──────── THE RECORDS ────────
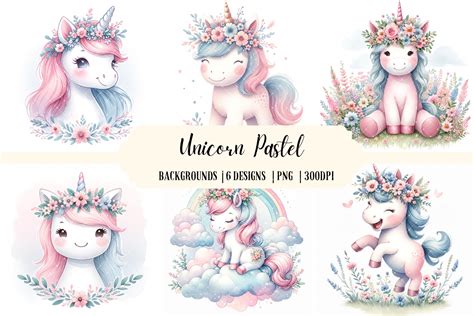 Unicorn Pastel Background Graphic by Babydell Art · Creative Fabrica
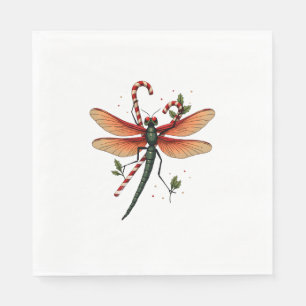 Candy Cane Dragonfly Napkin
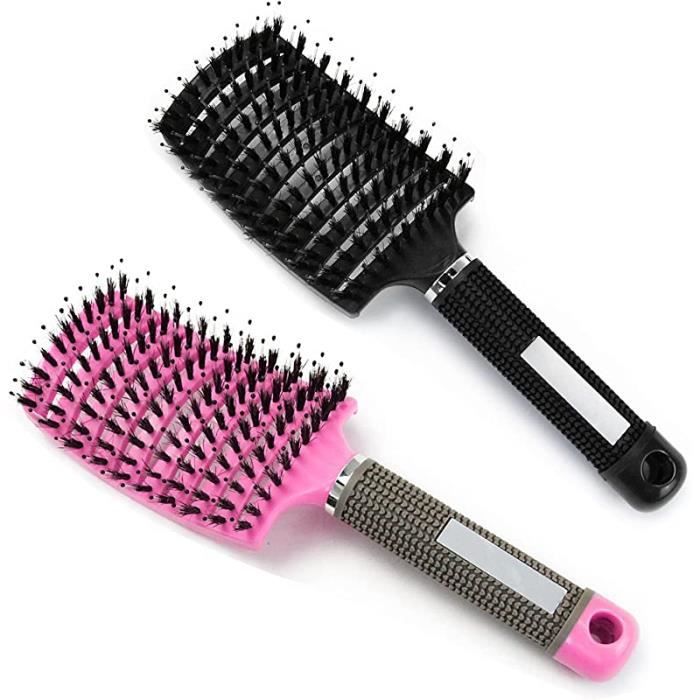Brosse Magique Démêlante - Poils De Sanglier & Nylon - Pour Cheveux épais/bouclés - Neuf, Poignée Confort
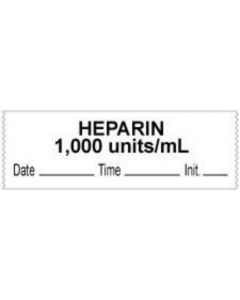 Anesthesia Tape with Date, Time & Initial (Removable) "Heparin 1000 Units/ml" 1/2" x 500" White - 333 Imprints - 500 Inches per Roll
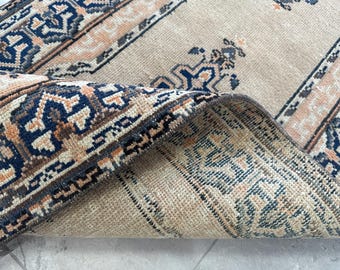Wonderful! 3x11 Pink Blue Faded Brown Persian Vintage Runner,3x11 Oushak Kitchen Kids Entry Bathroom Bedroom Living Room Rug,2.9x10.6 Ft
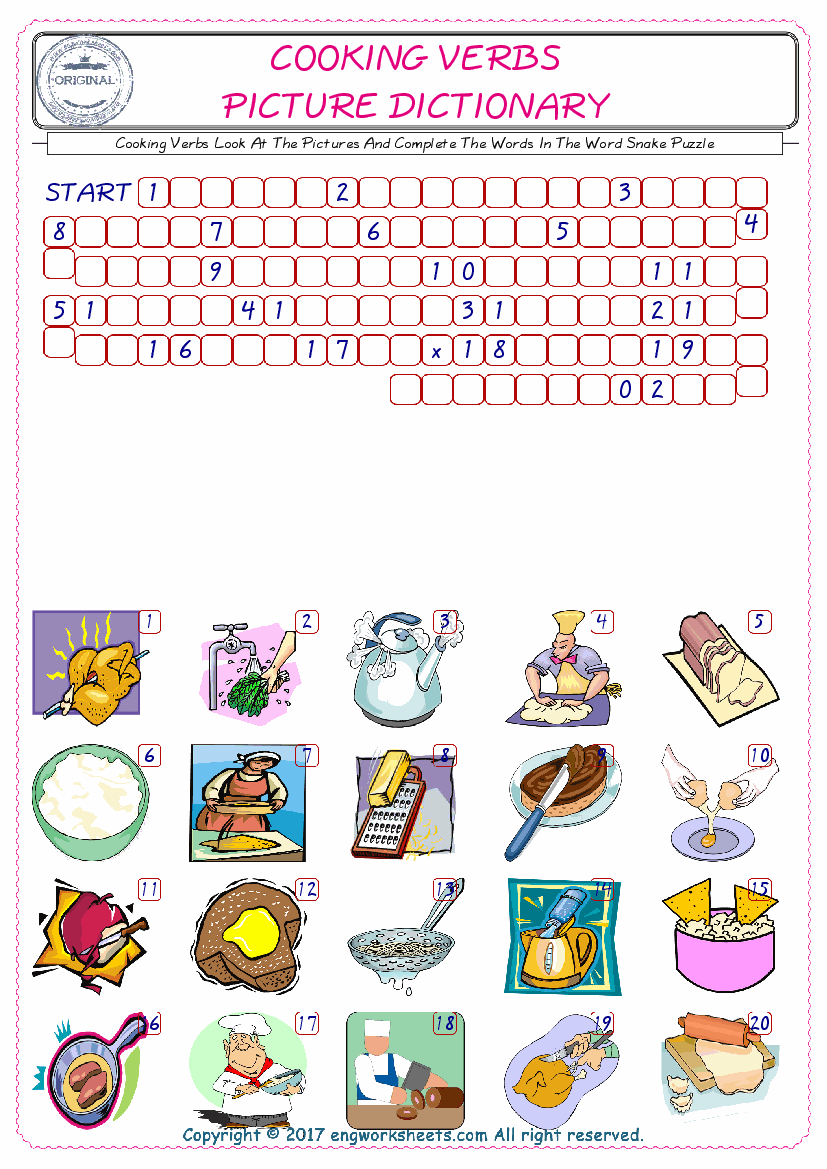  Check the Illustrations of Cooking Verbs english worksheets for kids, and Supply the Missing Words in the Word Snake Puzzle ESL play. 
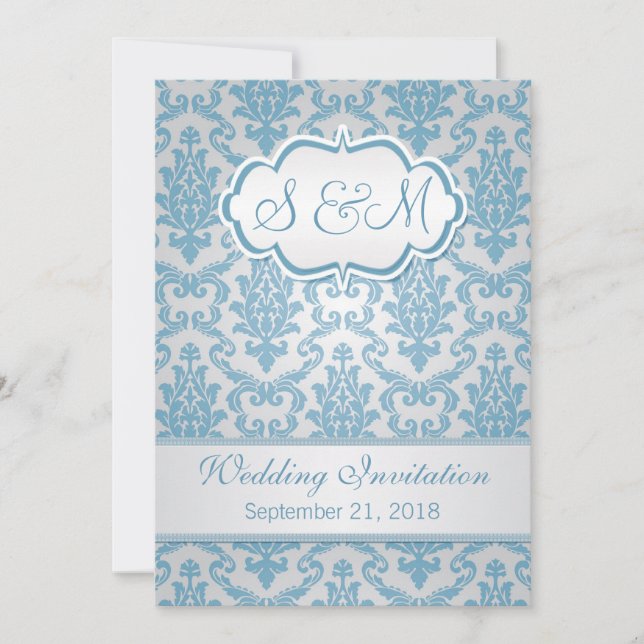 Light blue damask on silver background Wedding Invitation (Front)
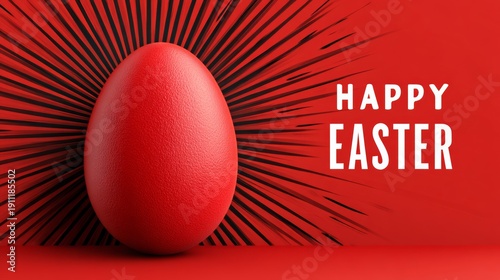 Bold red Easter egg with dynamic rays and text 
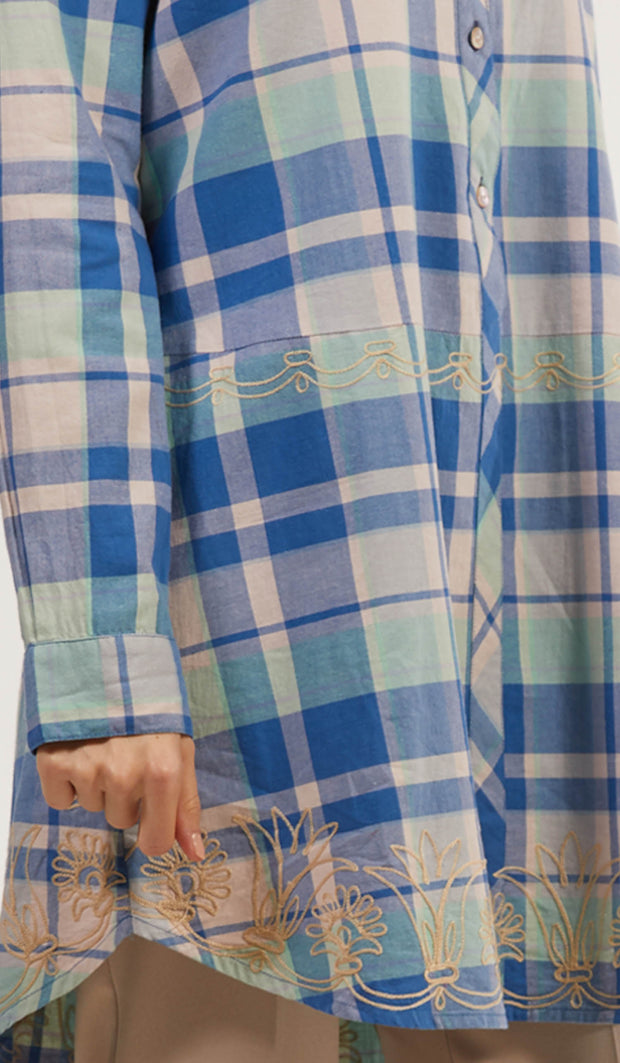 Sabeen Long Cotton Plaid Embroidered Tunic Dress - Blue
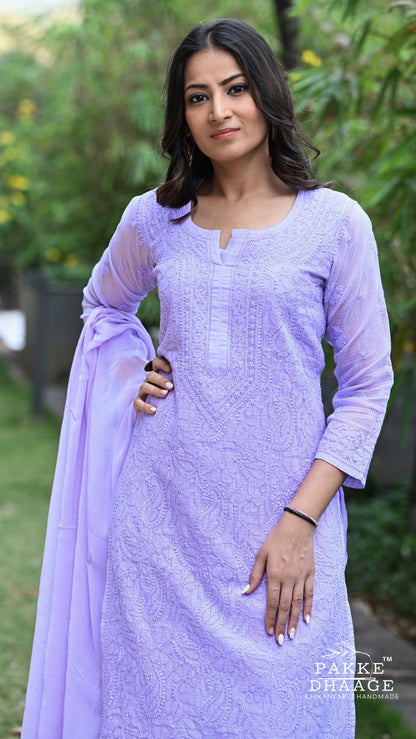 Nazia Pure Kota Doria Chikankari Kurta and Kurta Sets - Orchid Lilac
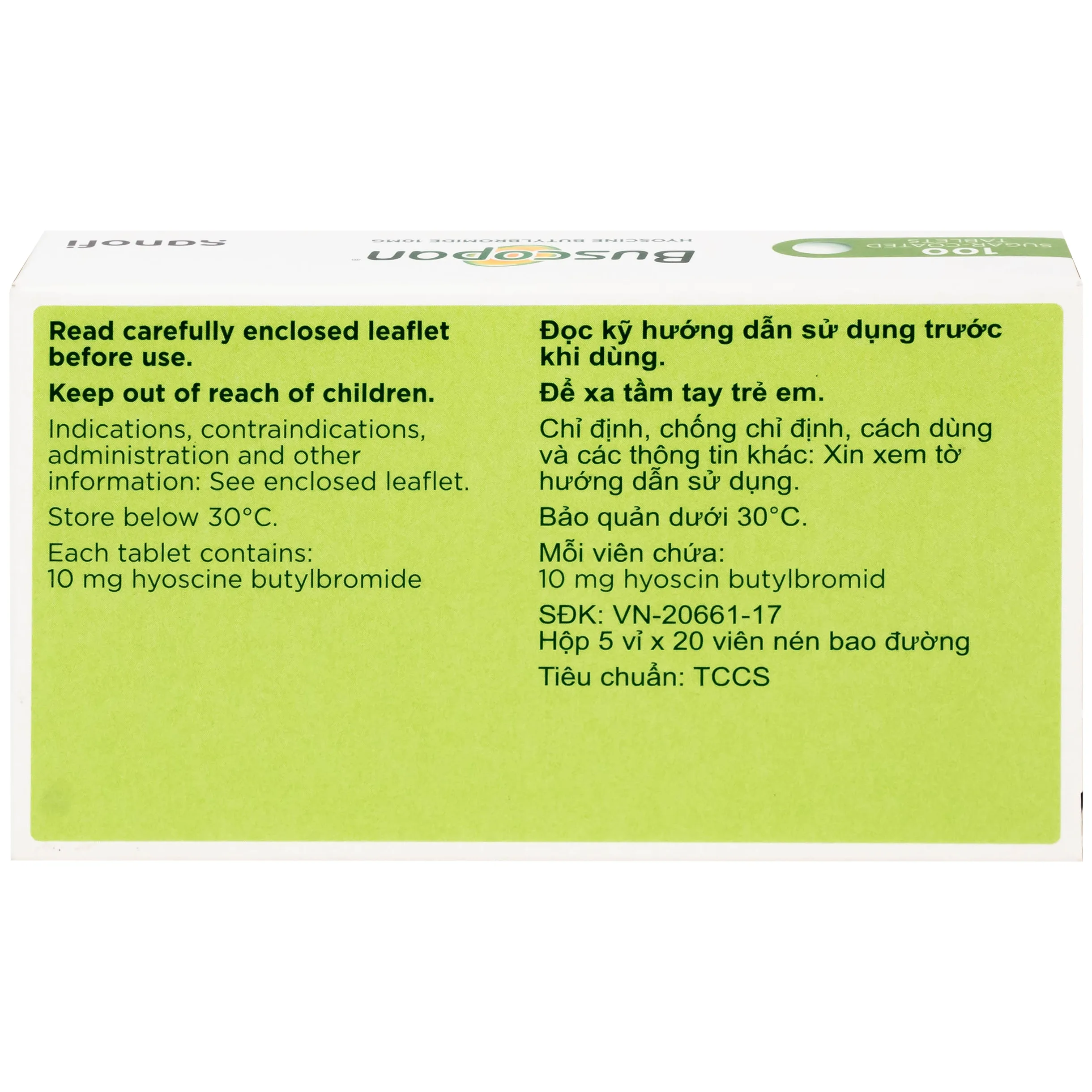 Hình ảnh Thuốc Buscopan 10mg Sanofi giảm co thắt cơ trơn đường sinh dục – tiết niệu (5 vỉ x 20 viên)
────────
WHAT YOU WILL DO:
After removing each picture, print the entries above exactly as they were.

OUTPUT FOR THIS EXERCISE:
 Unicorn Pastel Background Graphic by Babydell Art · Creative Fabrica
 Candy Cane Dragonfly Napkin
Brosse Magique Démêlante - Poils De Sanglier & Nylon - Pour Cheveux épais/bouclés - Neuf, Poignée Confort
 Anesthesia Tape with Date, Time & Initial (Removable) "Heparin 1000 Units/ml" 1/2" x 500" White - 333 Imprints - 500 Inches per Roll
Wonderful! 3x11 Pink Blue Faded Brown Persian Vintage Runner,3x11 Oushak Kitchen Kids Entry Bathroom Bedroom Living Room Rug,2.9x10.6 Ft
  Check the Illustrations of Cooking Verbs english worksheets for kids, and Supply the Missing Words in the Word Snake Puzzle ESL play. 
 Light blue damask on silver background Wedding Invitation (Front)
 Bold red Easter egg with dynamic rays and text 
 Sabeen Long Cotton Plaid Embroidered Tunic Dress - Blue
 Nazia Pure Kota Doria Chikankari Kurta and Kurta Sets - Orchid Lilac
 Hình ảnh Thuốc Buscopan 10mg Sanofi giảm co thắt cơ trơn đường sinh dục – tiết niệu (5 vỉ x 20 viên)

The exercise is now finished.